To subscribe to updates watch my GitHub repository. New posts get added as pull requests.

Scaling incident management for small and large organizations

31 Oct 2017

Introduction

This write-up is a way of managing incidents and outages (there are many other ways). An incident or outage can be anything which negatively affects productivity or costs a company’s revenue. Such as a website being down. I will mainly be discussing the process and not tools. I will assume the following tools are available.

  • An issue tracker (typically used to track work in an organization).

  • Communication channels (typically instant messaging chat or email mailing lists). Whatever the norms are for an organization to communicate internally to employees and externally to customers. Collaboration tools fall under this category.
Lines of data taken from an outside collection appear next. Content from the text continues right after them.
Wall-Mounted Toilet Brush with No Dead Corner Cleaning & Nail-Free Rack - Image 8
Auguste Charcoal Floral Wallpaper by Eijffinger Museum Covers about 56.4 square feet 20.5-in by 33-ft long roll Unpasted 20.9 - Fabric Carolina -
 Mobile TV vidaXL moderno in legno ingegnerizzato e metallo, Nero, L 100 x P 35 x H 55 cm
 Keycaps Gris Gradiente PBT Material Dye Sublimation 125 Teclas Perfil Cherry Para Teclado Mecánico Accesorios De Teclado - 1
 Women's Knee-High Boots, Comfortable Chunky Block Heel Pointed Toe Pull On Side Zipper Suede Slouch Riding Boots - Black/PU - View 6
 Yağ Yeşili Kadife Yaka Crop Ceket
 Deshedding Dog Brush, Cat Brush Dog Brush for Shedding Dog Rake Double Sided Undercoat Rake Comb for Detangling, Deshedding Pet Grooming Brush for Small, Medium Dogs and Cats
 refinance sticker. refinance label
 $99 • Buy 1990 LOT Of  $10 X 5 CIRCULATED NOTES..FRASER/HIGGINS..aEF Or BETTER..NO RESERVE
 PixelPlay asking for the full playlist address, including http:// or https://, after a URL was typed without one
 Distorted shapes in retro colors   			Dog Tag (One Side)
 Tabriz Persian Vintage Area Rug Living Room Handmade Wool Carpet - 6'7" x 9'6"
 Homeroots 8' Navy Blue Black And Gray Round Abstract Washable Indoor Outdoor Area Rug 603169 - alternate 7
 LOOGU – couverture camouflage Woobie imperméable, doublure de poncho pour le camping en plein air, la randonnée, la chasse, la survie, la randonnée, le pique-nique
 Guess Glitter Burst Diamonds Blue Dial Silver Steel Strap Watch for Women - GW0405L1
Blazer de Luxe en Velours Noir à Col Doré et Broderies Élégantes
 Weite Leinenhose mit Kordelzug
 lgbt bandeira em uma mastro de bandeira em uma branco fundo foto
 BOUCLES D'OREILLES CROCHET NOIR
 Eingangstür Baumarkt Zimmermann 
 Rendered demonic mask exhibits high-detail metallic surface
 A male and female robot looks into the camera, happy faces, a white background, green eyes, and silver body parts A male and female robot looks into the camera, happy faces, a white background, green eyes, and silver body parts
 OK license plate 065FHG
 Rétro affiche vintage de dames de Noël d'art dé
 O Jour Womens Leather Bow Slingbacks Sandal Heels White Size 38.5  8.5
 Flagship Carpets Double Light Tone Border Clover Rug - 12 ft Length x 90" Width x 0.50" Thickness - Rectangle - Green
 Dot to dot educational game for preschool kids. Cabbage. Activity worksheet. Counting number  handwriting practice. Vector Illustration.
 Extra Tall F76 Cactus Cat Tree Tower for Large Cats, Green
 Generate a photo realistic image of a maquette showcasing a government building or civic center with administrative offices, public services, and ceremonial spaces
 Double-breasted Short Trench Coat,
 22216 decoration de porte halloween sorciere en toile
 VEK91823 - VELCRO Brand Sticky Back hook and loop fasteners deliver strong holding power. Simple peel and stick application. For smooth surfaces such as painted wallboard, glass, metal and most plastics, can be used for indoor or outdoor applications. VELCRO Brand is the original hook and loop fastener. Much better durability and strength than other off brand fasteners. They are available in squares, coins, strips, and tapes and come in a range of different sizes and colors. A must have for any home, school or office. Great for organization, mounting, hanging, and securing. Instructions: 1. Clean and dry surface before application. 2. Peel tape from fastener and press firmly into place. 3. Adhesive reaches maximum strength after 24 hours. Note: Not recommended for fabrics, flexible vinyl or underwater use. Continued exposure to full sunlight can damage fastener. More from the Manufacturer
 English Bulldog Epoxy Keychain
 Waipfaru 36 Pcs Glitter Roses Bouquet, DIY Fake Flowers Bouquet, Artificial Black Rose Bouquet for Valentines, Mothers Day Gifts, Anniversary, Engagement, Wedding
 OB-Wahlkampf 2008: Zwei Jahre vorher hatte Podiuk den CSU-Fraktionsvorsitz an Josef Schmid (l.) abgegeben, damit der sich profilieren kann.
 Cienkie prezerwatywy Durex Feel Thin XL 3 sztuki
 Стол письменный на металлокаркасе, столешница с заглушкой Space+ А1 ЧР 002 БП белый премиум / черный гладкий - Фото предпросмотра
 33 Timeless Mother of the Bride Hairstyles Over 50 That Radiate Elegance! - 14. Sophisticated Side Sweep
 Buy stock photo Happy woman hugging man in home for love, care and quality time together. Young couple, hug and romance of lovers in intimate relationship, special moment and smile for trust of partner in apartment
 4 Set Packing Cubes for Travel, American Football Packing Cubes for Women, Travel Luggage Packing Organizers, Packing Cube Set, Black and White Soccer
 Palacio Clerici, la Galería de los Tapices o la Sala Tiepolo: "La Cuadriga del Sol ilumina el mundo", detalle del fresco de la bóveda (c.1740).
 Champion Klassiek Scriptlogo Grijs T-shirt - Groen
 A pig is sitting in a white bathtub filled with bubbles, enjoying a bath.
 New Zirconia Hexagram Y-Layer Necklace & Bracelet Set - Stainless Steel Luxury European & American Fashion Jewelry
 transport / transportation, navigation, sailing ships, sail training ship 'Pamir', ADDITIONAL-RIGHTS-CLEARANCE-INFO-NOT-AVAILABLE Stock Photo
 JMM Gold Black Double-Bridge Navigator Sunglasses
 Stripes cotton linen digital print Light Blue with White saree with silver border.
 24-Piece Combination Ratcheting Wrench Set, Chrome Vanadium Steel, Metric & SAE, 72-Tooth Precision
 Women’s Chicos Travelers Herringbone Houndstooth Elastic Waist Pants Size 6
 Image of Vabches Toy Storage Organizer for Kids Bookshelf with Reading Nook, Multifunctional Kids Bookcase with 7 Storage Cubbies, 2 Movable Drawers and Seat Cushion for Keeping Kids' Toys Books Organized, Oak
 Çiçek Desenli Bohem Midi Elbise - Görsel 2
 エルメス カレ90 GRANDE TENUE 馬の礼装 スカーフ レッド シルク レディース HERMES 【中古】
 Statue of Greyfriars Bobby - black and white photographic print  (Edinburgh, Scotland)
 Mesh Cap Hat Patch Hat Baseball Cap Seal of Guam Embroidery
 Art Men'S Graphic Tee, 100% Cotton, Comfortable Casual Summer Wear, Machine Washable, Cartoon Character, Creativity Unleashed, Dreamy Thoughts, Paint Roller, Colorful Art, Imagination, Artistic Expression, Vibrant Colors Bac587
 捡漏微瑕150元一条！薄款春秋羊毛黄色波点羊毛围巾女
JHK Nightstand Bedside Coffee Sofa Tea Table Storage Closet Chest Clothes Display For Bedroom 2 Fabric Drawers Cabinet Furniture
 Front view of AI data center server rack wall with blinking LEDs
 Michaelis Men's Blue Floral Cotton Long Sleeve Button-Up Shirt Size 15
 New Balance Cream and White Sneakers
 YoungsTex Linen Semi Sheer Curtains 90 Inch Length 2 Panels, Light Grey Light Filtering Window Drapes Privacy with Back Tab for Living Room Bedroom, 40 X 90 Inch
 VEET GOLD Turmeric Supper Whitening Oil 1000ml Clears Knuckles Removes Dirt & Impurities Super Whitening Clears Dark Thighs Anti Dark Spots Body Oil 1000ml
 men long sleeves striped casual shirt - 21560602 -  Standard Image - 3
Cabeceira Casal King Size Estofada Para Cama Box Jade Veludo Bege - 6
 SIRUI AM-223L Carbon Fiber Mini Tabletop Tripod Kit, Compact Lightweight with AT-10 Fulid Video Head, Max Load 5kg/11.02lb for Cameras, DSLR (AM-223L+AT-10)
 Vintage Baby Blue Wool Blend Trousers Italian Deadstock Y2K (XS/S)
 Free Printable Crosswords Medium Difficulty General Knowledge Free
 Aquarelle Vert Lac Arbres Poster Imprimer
Coordinating incident management may not always be straightforward for young organizations. In my experience, I’ve been a part of good incident management and also participated in bad incident management. This post is about some of my highlights for incident management. Here are some points to think about:

  • Teams within an organization should work together to help speed the resolution of an outage and help take stress off of the individual who is resolving the outage.

  • Assign roles to different people so that they can work asynchronous to each other where possible.

  • Adhere to the duties of the role. Concentration and focus can quickly and easily be taken away from resolving an incident. It helps to define roles, assign roles, and when a person is assigned a role they avoid going outside of their boundaries to help maintain focus to a speedy resolution.

Defining roles

Here are some ideas for roles which can operate independently by different people. Note: some people can take on multiple roles where it makes sense or based on the size of the team. The idea here is to scale these roles out to even major outages. Each role does not necessarily need to be comprised of people from the same team.

  • Incident Lead - Defines communication channels and engages stakeholders for appropriate action and updates. Also assigns roles when needed.

  • Technical Lead - The person leading the charge on fixing the problem. They’re in the terminal, looking at any logs, and actively resolving the outage.

  • Technical Assist - A support role and backup for the Technical Lead. Supports troubleshooting by assisting the Technical Lead when asked to do things. Perhaps, troubleshooting a different route than the Technical Lead without adversely affecting their efforts.

  • Scribe - Keeps minute notes for ongoing events and tags a timestamp with each event so that a timeline of events is documented.

  • Communication Lead - Fields all end user questions in chat channels and email. Summarizes regular status and updates to users every 30-60 minutes and communicates the news to users via a pre-determined communication channel.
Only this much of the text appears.